**What the exercise asks**
Your copy should contain exactly the lines from the one that holds "2nd image of 1449 Pecan Cove Dr" through the end of the material, reproduced as written, with no pictures.

**Data below**
[Start of section]
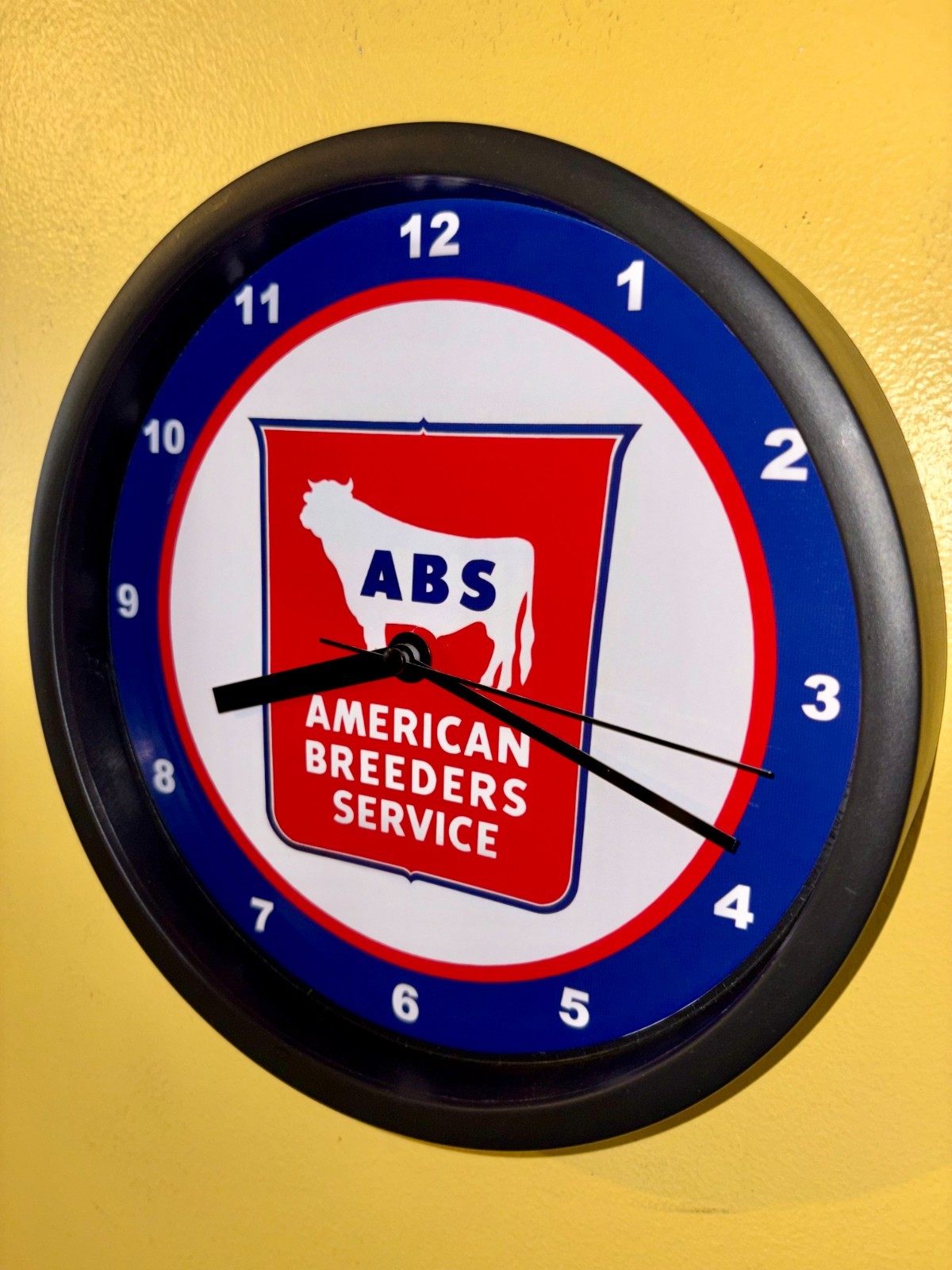 ABS Breeding Service Bull Steer Stud Cow Farmer Farm Barn Livestock Clock Sign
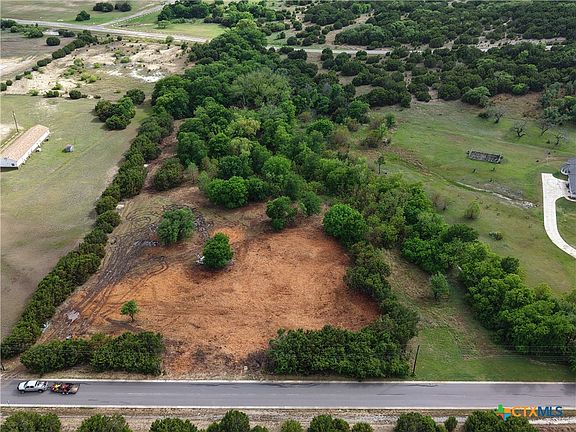 2nd image of 1449 Pecan Cove Dr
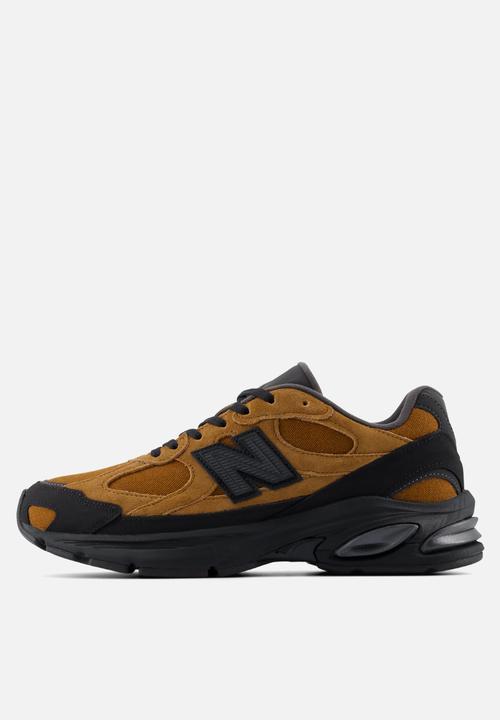 New Balance  - U2010V1 - brown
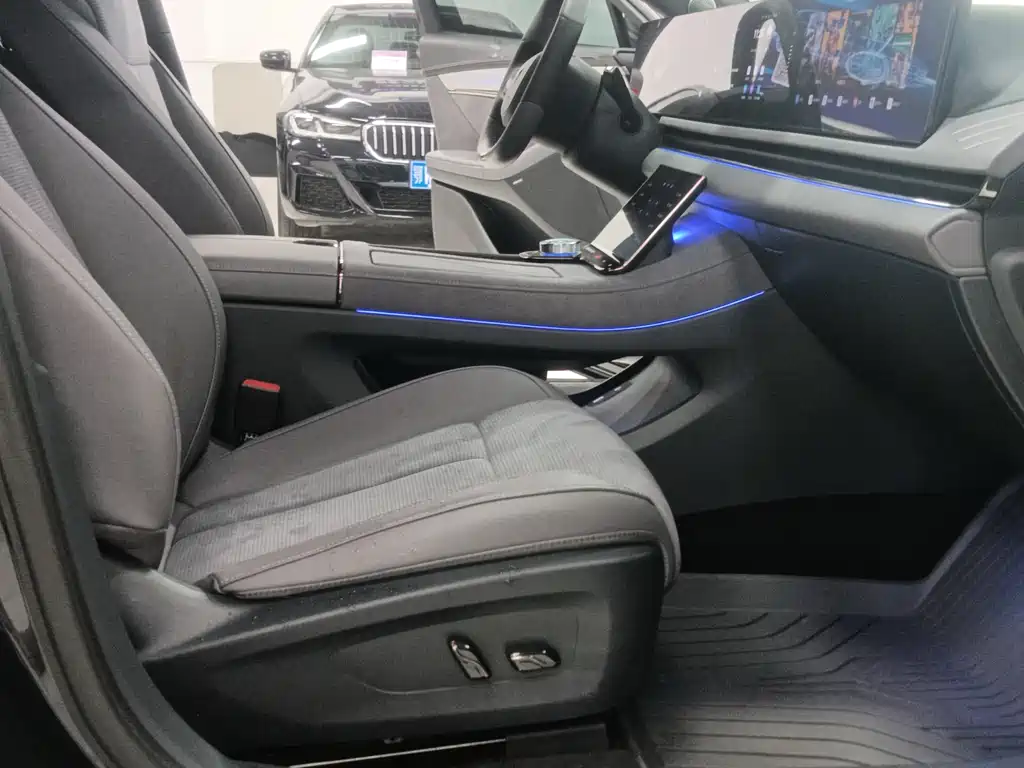 Voyah Zhuiguang PHEV 4 WD Ultra Long Range Flagship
[End of section]
**Reply**
 2nd image of 1449 Pecan Cove Dr
 New Balance  - U2010V1 - brown
 Voyah Zhuiguang PHEV 4 WD Ultra Long Range Flagship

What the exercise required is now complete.